When using the --system-reserved kubelet flag to reserve a portion of a node's CPU and memory resources for use by OS system daemons, consider the following recommendations:

  • The amount of CPU resource that we recommend you reserve for OS system daemons (regardless of node shape) is 100 m (millicore).
  • The amount of memory resource that we recommend you reserve for OS system daemons (regardless of node shape) is 100 Mi (mebibytes).

Note that our CPU and memory recommendations for the --kube-reserved and --system-reserved kubelet flags might not be optimal for the workloads you intend to run, so you might need to alter the values accordingly. You might also need to adjust the values over time.

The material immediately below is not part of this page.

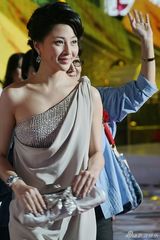 幻灯图集：殷桃妩媚亮相 优雅着装显知性魅力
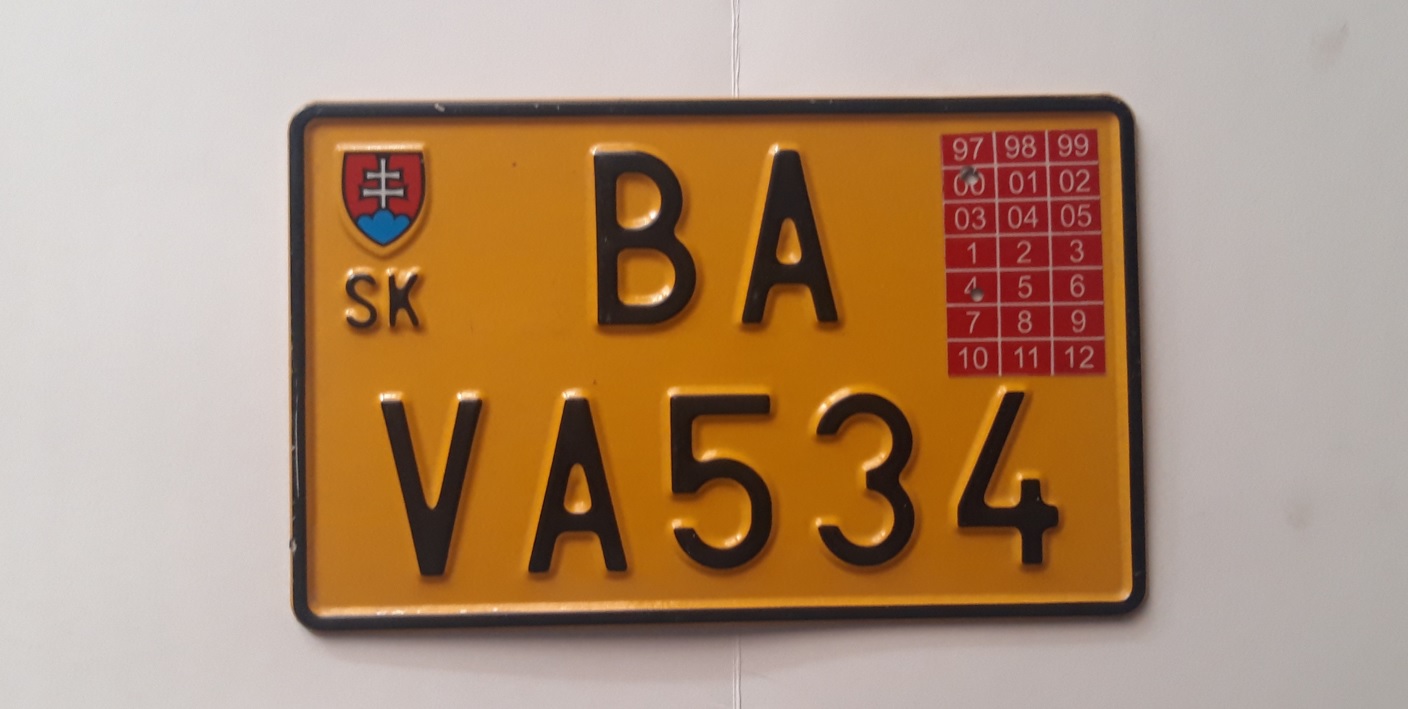 BA VA534, License plate without vehicle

To see the difference between the total resources on a worker node and the resources on the node that workloads can use, run the following command:

kubectl get node <NODE_NAME> -o=yaml | grep -A 6 -B 7 capacity

Example output:

  allocatable:
    cpu: 15743m
    ephemeral-storage: "34262890849"
    hugepages-1Gi: "0"
    hugepages-2Mi: "0"
    memory: 234972476Ki
    pods: "110"
  capacity:
    cpu: "16"
    ephemeral-storage: 37177616Ki
    hugepages-1Gi: "0"
    hugepages-2Mi: "0"
    memory: 257197372Ki
    pods: "110"

The difference between the "capacity" and "allocatable" CPU and memory in the example output includes the CPU and memory reservations for the Kubernetes and OS system daemons.

Note

From June 2024, the recommendations for the CPU and memory resource reservations for Kubernetes and OS system daemons described in this section are used as the defaults for all OKE images, for all supported Kubernetes versions. The recommendations are also used as the defaults for all platform images for Kubernetes version 1.30 and later. The defaults apply both when you specify an OKE image released in June 2024 (or later), and when you upgrade the version of Kubernetes running on a cluster to version 1.30 (or later). If you specify an OKE image released in June 2024 (or later) or if you upgrade a cluster to Kubernetes version 1.30, we recommend that you check the default reservations are appropriate for the workloads you intend to run.

Creating virtual node pools displays an "API Server unreachable" message

When creating a virtual node pool in a cluster you've created using Kubernetes Engine, you might see the following message if you view the work request logs or work request errors for the operation's work request id:

API Server Unreachable, Check network configuration and ensure network path between Virtual Node and API Server exist

This message indicates a network configuration problem. Double-check that the network is configured correctly to allow virtual nodes in the virtual node pool to communicate with the Kubernetes API server. For a suitable network configuration, see Example Network Resource Configuration for Cluster with Virtual Nodes.